5 Important Python Libraries and Methods For Data Scientists!

Hasan Basri Akçay
DataBulls
Published in
4 min readJan 17, 2022

--

Photo by Carlos Muza on Unsplash

Most of the python libraries are already written for data science but newbies working in data science and machine learning were not familiar with these libraries. In this article, I explain 5 different python libraries that make their job easier.

Some of the libraries that I am going to share with you that will surely be familiar to some of you according to how far you are into your career.

The dataset is titanic in this work.

Pandas Profile

Data analysis is one of the most necessary parts of data science and it took a lot of time. Therefore a lot of data scientists use the pandas_profiling library for this step of data science. You can see the python code below.

import pandas as pd
from pandas_profiling import ProfileReport
train = pd.read_csv('../input/titanic/train.csv')
profile = ProfileReport(train, title="Pandas Profiling Report")
profile.to_file("profile.html")
ProfileReport Results — image by author

Imblearn Library

In the real-world dataset, mostly there is no balanced of target values. For this reason, you have to bring balance to the dataset. There are two types of sampling methods that are oversampling and undersampling. Oversampling increases the number of labels that are less and undersampling decreases the number of labels that are much.

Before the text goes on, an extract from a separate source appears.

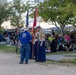 A color guard, appearing to be U.S. Marines in dress uniforms, is assembled at an outdoor public event in a park setting during evening hours. They are holding the American flag and what appears to be a Marine Corps flag, speaking with a civilian in a blue polo shirt. A large crowd of spectators is seated on the grass and in folding chairs in the background.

You can see the distribution of the target below.

import seaborn as sns

sns.countplot(data=train, x='Survived')
Target Distribution — image by author

Over Sampling

from imblearn.over_sampling import SMOTE

sm = SMOTE(random_state=42)
X_train = train[['Pclass', 'SibSp', 'Parch', 'Fare']]
y_train = train[['Survived']]
X_res, y_res = sm.fit_resample(X_train, y_train)

sns.countplot(data=y_res, x='Survived')
Target Distribution After Over Sampling — image by author

Under Sampling

from imblearn.under_sampling import RandomUnderSampler

rus = RandomUnderSampler(random_state=42)
X_res, y_res = rus.fit_resample(X_train, y_train)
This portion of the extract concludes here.